The Carlisle Indian School opened in 1879 and operated in Pennsylvania for 39 years. In that time, thousands of students from over 140 tribes were forced to attend and experienced inhumane treatment and living conditions. Students were forced to cut their hair, change their names, stop speaking their Native languages, convert to Christianity, and endure abusive disciplinary measures like solitary confinement. While many children returned to their families, more than 180 children died while attending the school.
The Carlisle Indian Industrial School is just one example of North American indigenous people’s experience with residential schools. Thanks to the research conducted by The National Native American Boarding School Healing Coalition, we know that by 1926, over 80% of school-age Native American children (almost 61,000) attended 367 of these schools in the United States. Further research and former student testimony can be found in this study carried out by the Native American Rights Fund.
The sheer scope of this experience is still unfolding.

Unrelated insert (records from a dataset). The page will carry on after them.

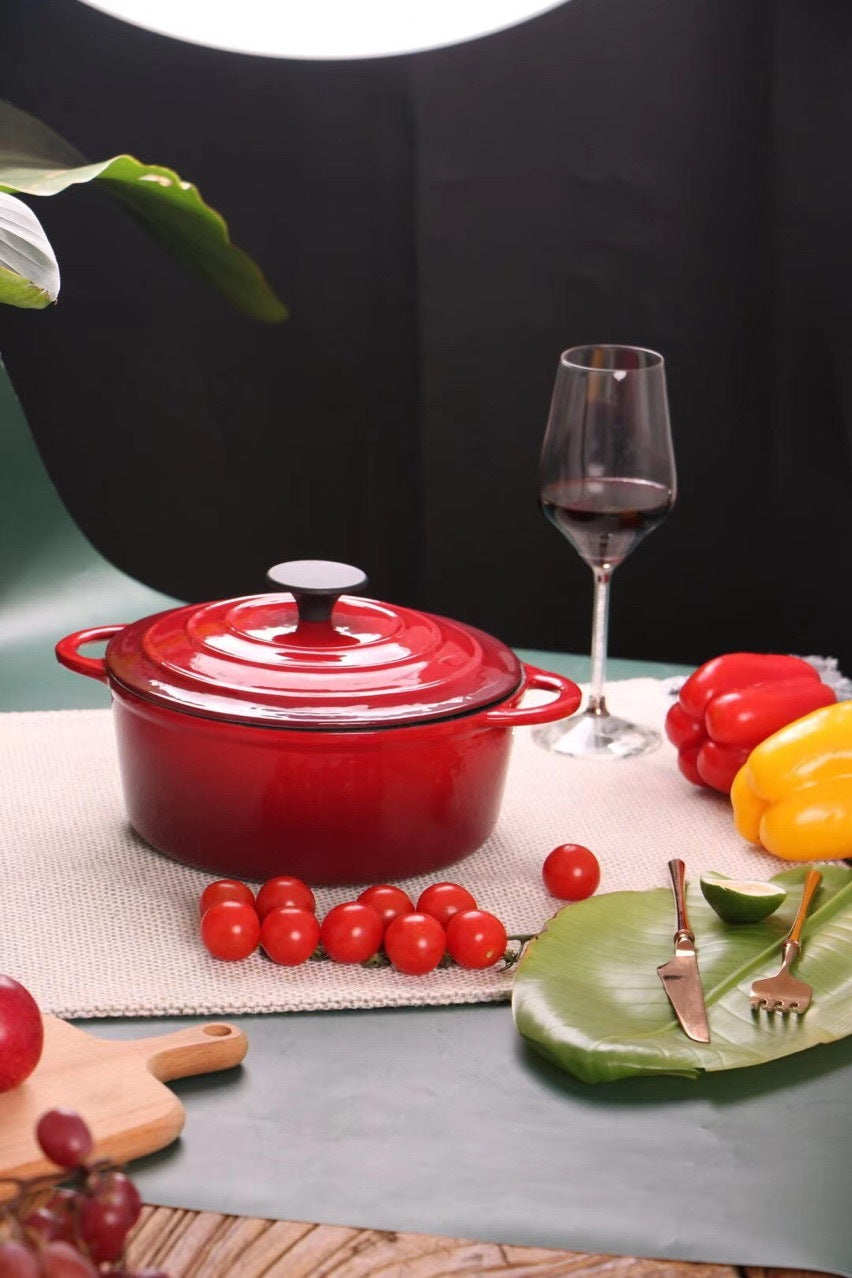 Enamel Cast Iron Stock Pot Universal Stew Pot Hat Shape Cooker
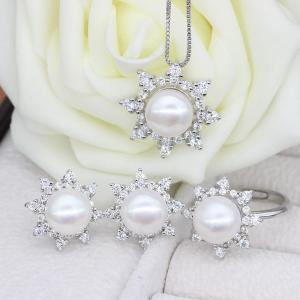 Best Freshwater Pearl Jewelry Sets With Necklace Earring Ring wholesale
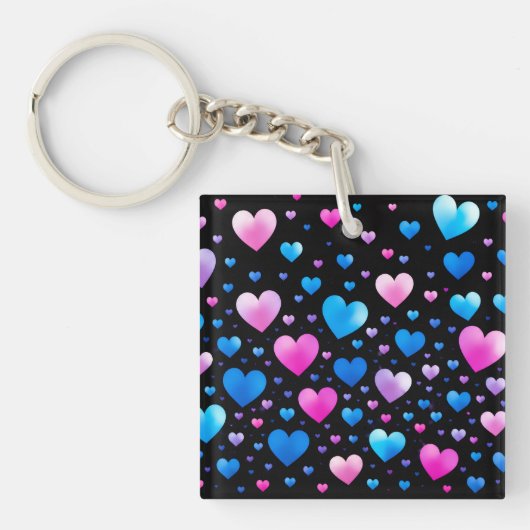 Porte-clés Pink & Blue Glowing Hearts (Devant)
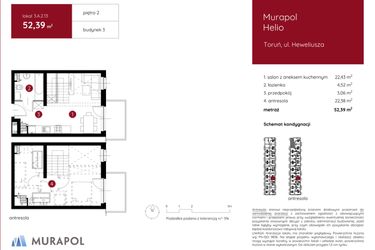 Rzut - Mieszkanie na sprzedaż 1 pokój o powierzchni 52,39 m² - numer 3.A.2.13 w Murapol Helio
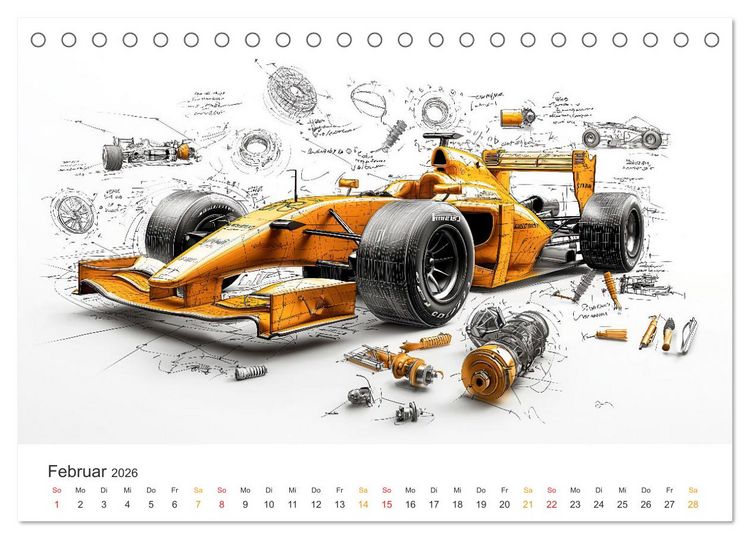 Produktbild: Rennwagen - Design Studien (Tischkalender 2026 DIN A5 quer), CALVENDO Monatskalender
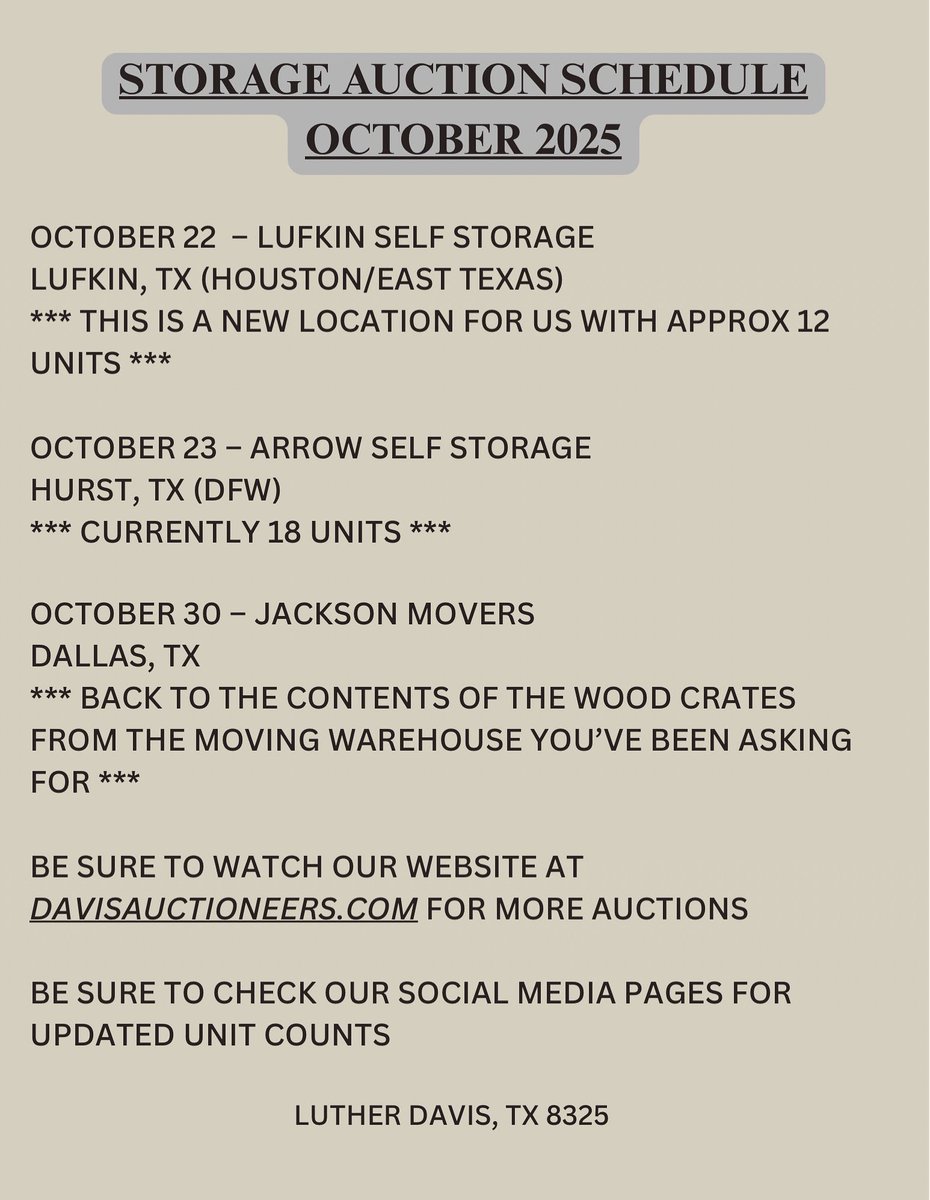 DavisAuctions's tweet photo. October live auction schedule #storageauction #liveauction #texasstorageauctions #buyatauction #octoberauction https://t.co/NKc7dQznL5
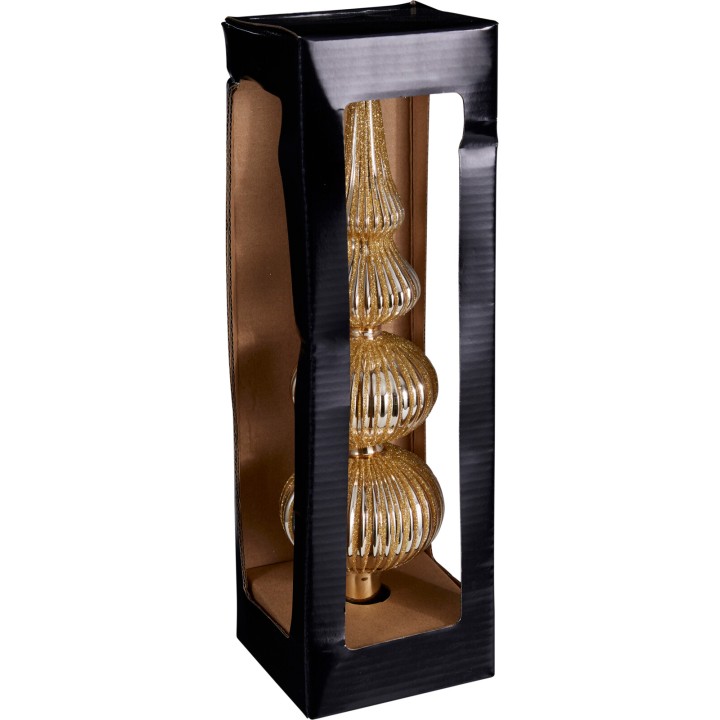 Lustre doré à la forme élégante, présenté dans un emballage noir élégant.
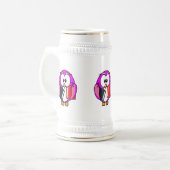 Roze en witte uil die sommige schoolboeken bijhoud bierpul (Voorkant links)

Last year, a mass grave of 215 children was found at the site of a Canadian residential school. This was just one of many findings in Canada’s investigation of its past, with just five former residential schools having more than 1,300 unmarked graves.
Hundreds of thousands of students passed through these schools in the United States and Canada from the 1860s to the 1970s.
Indian Country Today states that Christian missionaries operated the majority of Canadian residential and day schools in contract with the federal government. In the United States, the students at these schools experienced similar atrocities of abusive discipline, cultural erasure, and physical and sexual abuse.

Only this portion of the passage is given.